Material provided →
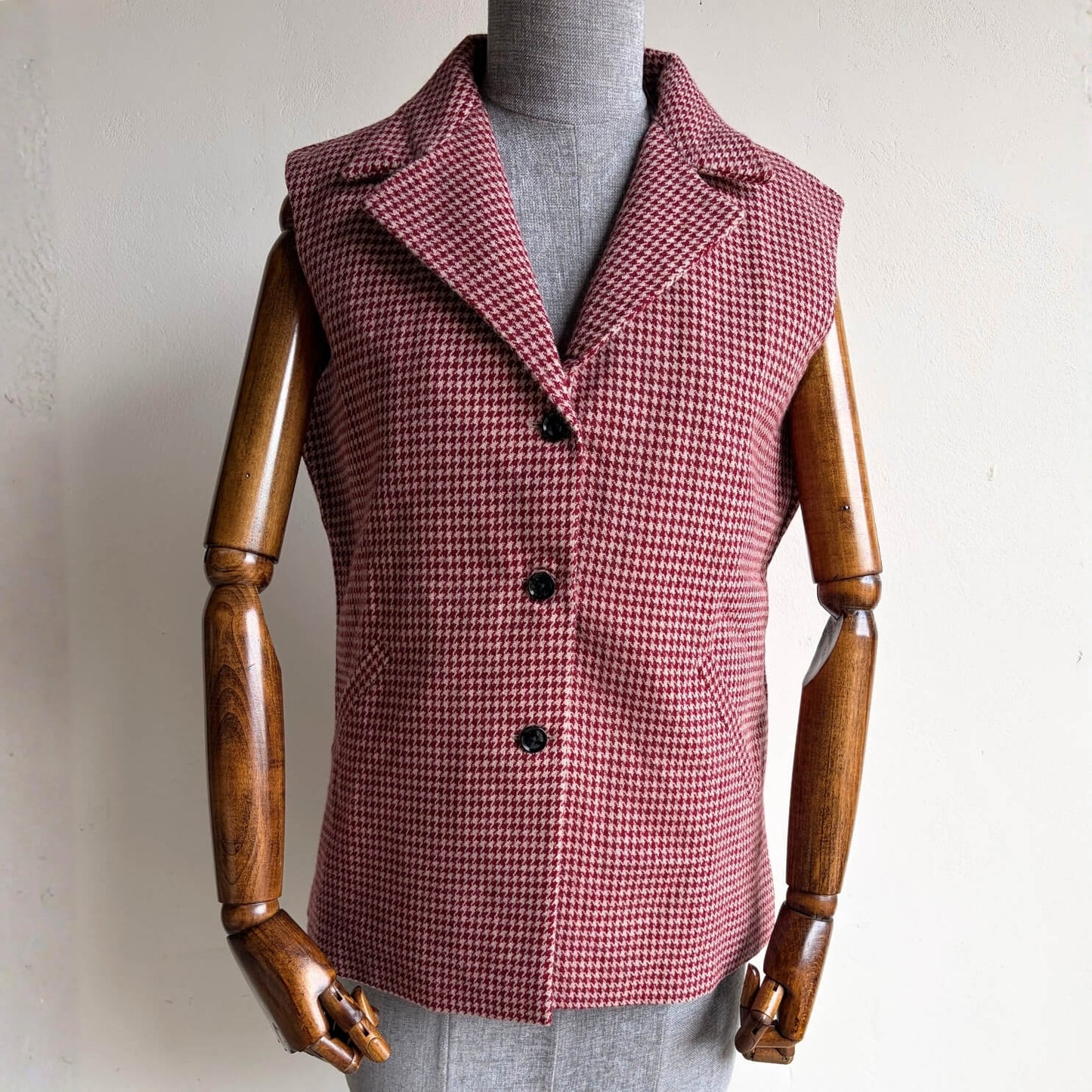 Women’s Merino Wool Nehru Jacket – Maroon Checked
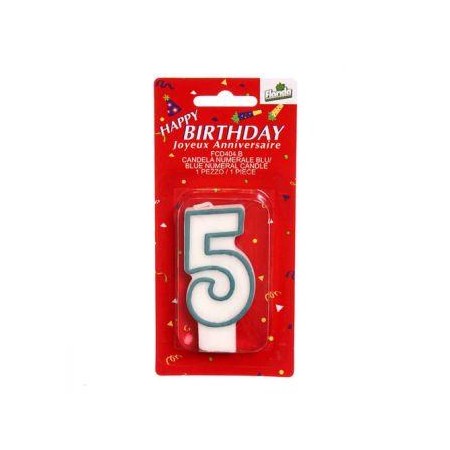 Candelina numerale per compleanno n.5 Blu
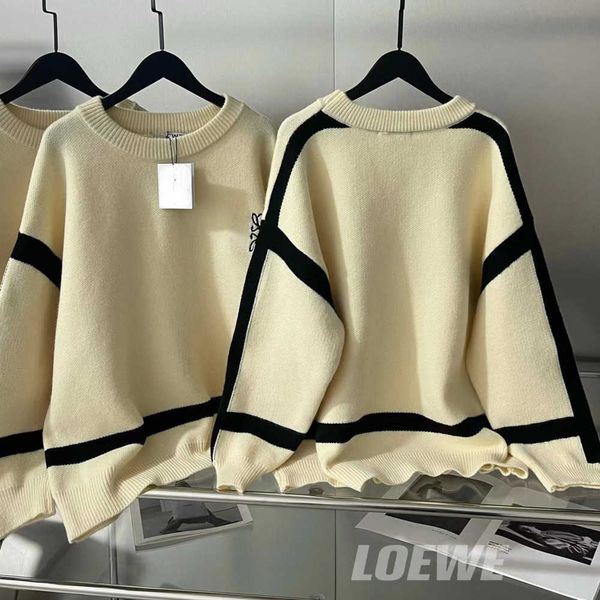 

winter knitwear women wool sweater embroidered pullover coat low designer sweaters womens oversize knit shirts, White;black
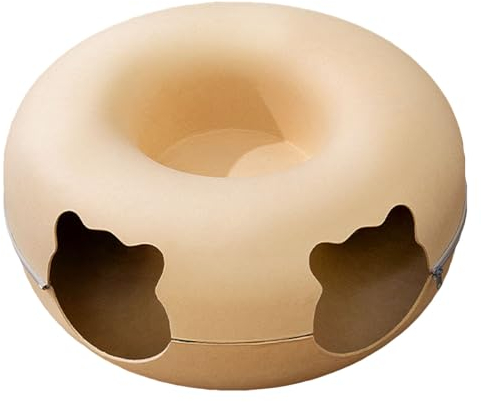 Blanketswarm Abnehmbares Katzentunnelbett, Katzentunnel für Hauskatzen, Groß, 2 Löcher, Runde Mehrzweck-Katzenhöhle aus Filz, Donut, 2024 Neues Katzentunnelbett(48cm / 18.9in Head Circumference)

Exercise → Print exactly, and only, the lines from the one with "Candelina numerale per compleanno n.5 Blu" through the last line of the listing above. No pictures belong in the copy.

Answer to the exercise →
 Candelina numerale per compleanno n.5 Blu

winter knitwear women wool sweater embroidered pullover coat low designer sweaters womens oversize knit shirts, White;black
 Blanketswarm Abnehmbares Katzentunnelbett, Katzentunnel für Hauskatzen, Groß, 2 Löcher, Runde Mehrzweck-Katzenhöhle aus Filz, Donut, 2024 Neues Katzentunnelbett(48cm / 18.9in Head Circumference)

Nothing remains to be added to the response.